Vacaciones #8

Nos regalamos una pequeña excursión en velero para ver la costa desde el mar. Vamos toda la familia, una pareja de argentinos y una mujer de Valladolid. La excursión, tan solo 2 horas costeando, incluye cervecitas (!) y música latina (?) como valor añadido. Ayer hubo lebeche, dice el capitán –nosotros aún continuamos discutiendo–, y el mar está un poco movido, así que navegamos con un considerable cabeceo que nos adormece. Las cervezas también ayudan, probablemente. Fondeamos a mitad de trayecto, nos lanzamos al agua. El mar, aquí, supera cualquier inmensa e imposible piscina, con dos o tres mil tonos de azul y verde mezclados con haces de luz, brillos que deslumbran. Vemos una raya huyendo de nosotros, volando a ras de arena y escondiéndose luego, muy segura de su habilidad para despistarnos, enterrándose en el fondo. El barco oscila –se ve enorme desde el agua– y regresar a bordo por la escalerilla es lo suficientemente difícil para que resulte divertido. La mujer de Valladolid parece algo mareada, pero sonríe, entre pálida y verdosa, encantada de disfrutar de la experiencia. Volvemos a puerto mientras las gotas del mar nos salpican la cara y nos refrescan del sol.

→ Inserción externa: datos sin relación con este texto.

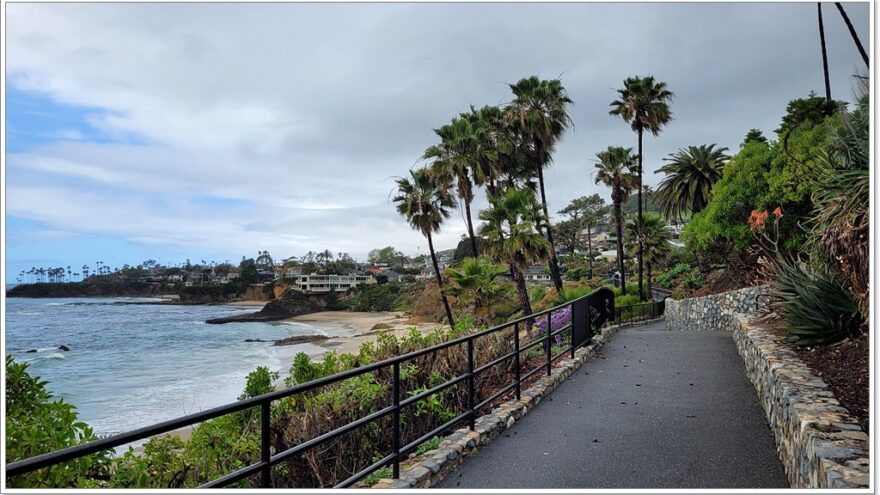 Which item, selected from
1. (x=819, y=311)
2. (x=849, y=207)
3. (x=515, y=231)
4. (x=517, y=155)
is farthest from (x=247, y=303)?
(x=849, y=207)

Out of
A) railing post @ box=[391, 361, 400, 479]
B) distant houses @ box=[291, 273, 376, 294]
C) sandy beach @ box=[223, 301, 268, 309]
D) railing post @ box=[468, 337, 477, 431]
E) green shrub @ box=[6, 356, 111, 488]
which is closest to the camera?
railing post @ box=[391, 361, 400, 479]

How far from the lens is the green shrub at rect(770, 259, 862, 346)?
630 cm

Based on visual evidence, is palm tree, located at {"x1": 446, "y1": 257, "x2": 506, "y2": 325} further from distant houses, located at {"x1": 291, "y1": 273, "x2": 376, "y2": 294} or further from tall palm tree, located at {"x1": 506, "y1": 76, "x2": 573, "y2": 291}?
distant houses, located at {"x1": 291, "y1": 273, "x2": 376, "y2": 294}

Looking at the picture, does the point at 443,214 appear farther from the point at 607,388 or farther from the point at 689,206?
the point at 607,388

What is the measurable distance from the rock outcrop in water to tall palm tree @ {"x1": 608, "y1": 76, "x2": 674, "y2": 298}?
213 ft

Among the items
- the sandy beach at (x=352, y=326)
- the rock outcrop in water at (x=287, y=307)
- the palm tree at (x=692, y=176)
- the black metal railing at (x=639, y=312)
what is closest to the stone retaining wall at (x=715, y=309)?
the black metal railing at (x=639, y=312)

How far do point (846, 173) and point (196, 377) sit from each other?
126ft

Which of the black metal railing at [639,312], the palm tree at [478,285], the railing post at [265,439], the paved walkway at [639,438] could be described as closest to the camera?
the railing post at [265,439]

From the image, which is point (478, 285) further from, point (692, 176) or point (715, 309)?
point (692, 176)

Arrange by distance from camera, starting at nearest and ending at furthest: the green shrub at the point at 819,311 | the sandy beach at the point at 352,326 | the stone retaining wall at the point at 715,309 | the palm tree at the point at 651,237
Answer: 1. the green shrub at the point at 819,311
2. the stone retaining wall at the point at 715,309
3. the palm tree at the point at 651,237
4. the sandy beach at the point at 352,326

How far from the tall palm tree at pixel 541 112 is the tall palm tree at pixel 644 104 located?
553cm

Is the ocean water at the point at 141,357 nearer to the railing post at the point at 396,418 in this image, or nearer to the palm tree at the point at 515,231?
the railing post at the point at 396,418

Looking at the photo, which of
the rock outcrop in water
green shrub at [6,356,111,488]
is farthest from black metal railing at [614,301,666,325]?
the rock outcrop in water

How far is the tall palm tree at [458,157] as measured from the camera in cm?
2744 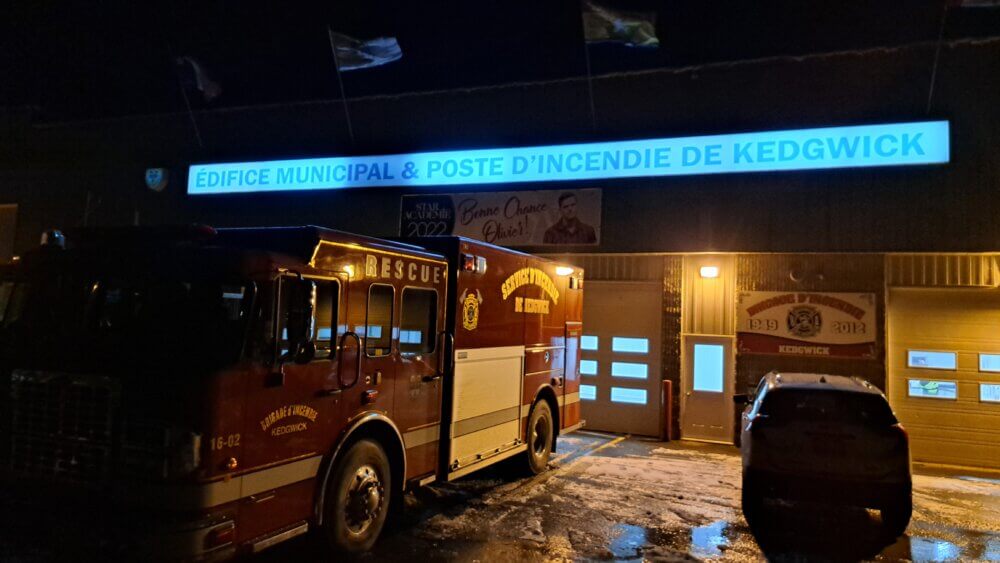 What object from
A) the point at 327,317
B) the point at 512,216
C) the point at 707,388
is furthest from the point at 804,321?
the point at 327,317

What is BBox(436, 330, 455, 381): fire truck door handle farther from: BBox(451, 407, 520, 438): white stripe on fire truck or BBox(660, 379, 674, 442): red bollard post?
BBox(660, 379, 674, 442): red bollard post

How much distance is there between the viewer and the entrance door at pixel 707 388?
1230cm

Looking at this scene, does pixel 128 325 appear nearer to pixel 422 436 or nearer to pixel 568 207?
pixel 422 436

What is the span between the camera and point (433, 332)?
6.82 meters

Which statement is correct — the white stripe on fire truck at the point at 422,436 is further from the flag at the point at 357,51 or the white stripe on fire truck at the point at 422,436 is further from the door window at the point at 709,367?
the flag at the point at 357,51

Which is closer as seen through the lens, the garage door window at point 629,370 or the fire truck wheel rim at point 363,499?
the fire truck wheel rim at point 363,499

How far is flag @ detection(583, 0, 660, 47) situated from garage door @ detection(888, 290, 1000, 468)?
21.0 ft

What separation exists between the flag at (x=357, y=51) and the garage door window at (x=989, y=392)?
41.4ft

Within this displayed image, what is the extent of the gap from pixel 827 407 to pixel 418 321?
4.27 metres

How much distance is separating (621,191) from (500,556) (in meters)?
7.89

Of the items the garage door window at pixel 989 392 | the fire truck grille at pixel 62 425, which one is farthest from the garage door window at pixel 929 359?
the fire truck grille at pixel 62 425

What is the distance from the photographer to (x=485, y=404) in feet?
25.3

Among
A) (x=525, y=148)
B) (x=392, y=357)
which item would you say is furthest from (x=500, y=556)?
(x=525, y=148)

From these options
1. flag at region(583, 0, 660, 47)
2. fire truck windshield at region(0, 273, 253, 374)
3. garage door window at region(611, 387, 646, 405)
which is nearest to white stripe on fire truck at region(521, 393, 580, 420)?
garage door window at region(611, 387, 646, 405) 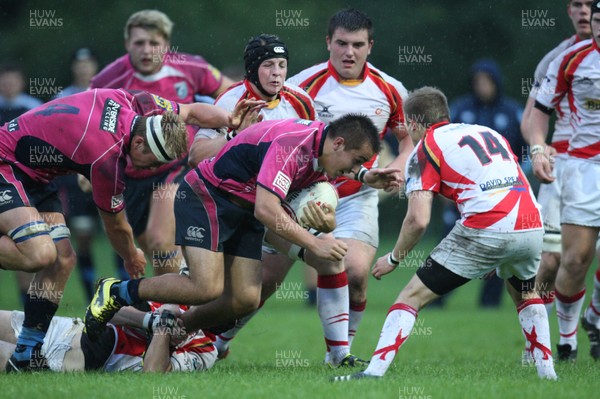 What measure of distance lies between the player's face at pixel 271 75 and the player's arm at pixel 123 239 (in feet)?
4.61

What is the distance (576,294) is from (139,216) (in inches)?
150

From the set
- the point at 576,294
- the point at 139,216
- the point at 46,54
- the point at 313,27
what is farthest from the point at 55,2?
the point at 576,294

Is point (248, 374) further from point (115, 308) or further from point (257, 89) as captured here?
point (257, 89)

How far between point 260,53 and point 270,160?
5.19 ft

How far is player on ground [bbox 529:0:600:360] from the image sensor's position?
6.95m

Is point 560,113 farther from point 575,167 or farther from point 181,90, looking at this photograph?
point 181,90

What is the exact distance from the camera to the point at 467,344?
8.61m

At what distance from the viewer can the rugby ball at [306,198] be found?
5910 mm

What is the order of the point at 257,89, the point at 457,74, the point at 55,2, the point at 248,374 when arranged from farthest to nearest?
the point at 55,2
the point at 457,74
the point at 257,89
the point at 248,374

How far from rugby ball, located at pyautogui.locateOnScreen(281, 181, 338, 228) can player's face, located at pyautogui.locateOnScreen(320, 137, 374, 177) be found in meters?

Más cervecitas –Steinburg, claro: Mercadona también ha conquistado el mar–: sonreímos, todos.
Cuando arribamos –nótese el escrupuloso vocabulario marinero, esto en tan solo 2 horas de travesía– a tierra, sanos y salvos y como deben hacer cada día los hombres (y mujeres) del mar, damos gracias a Dios (o a Poseidón): no ha sonado «Despacito».